**WHAT YOU HAVE TO DO:** Print the listing below word for word, but drop any pictures it contains.

**INFORMATION PROVIDED:**
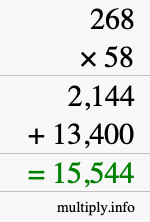 How to calculate 268 times 58 using long multiplication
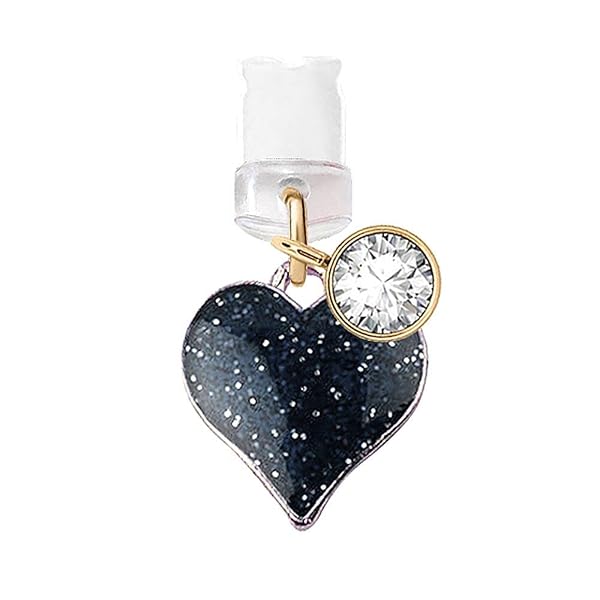 ELISE & FONDA Heart Pendant Anti Dust Plug for iPhone & iPad - USB Charging Port Charm (Black)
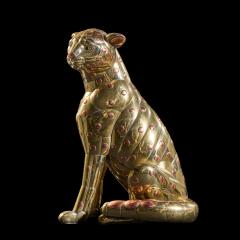 Carlos del Conde Mid Century Welded Brass Leopard Cat Signed Sculpture - 4534336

**EXERCISE ANSWER:**
 How to calculate 268 times 58 using long multiplication
 ELISE & FONDA Heart Pendant Anti Dust Plug for iPhone & iPad - USB Charging Port Charm (Black)
 Carlos del Conde Mid Century Welded Brass Leopard Cat Signed Sculpture - 4534336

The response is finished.